Afin d’endiguer ce phénomène, T. Kane propose une réforme en profondeur, pour faire évoluer le modèle de l’All-Volunteer Force vers un système plus ouvert et décentralisé. Cette Total Volunteer Force serait calquée sur les pratiques de gestion des ressources humaines du secteur privé. D’abord, la création d’un véritable marché du travail interne pour le corps des officiers. Cela permettrait aux chefs de choisir eux-mêmes leurs subordonnés en obligeant ces derniers à faire acte de candidature. Ensuite, l’ouverture du corps des officiers en mettant fin aux cloisonnements entre les spécialités et les armes, mais surtout en permettant les entrées et sorties latérales (un militaire pouvant passer quelque temps dans le secteur privé avant de réintégrer l’armée). Enfin, la mise en place d’incitations permettant une gestion plus souple des carrières, fondée essentiellement sur les besoins et les préférences des individus.

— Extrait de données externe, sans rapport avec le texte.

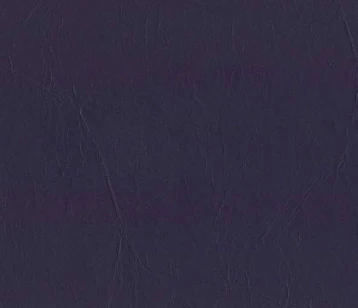 Daytona Vinyl - 54" - (-10C) - Image 40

S’appuyant sur une enquête auprès d’officiers d’active ou en retraite, l’auteur soumet ici un projet révolutionnaire : fonder le rapport entre l’institution militaire et ses membres non plus sur la contrainte (issue d’une vision pessimiste de la nature humaine) mais sur la libre régulation du marché. Sur ce point, et même si T. Kane ne fait pas preuve de naïveté, on peut lui reprocher un optimisme excessif quant aux effets possibles d’une telle dérégulation. Enfin, on peut raisonnablement douter de la réception d’une telle proposition par les décideurs militaires, tant elle s’oppose à la culture dominante et aussi aux intérêts propres de ces derniers.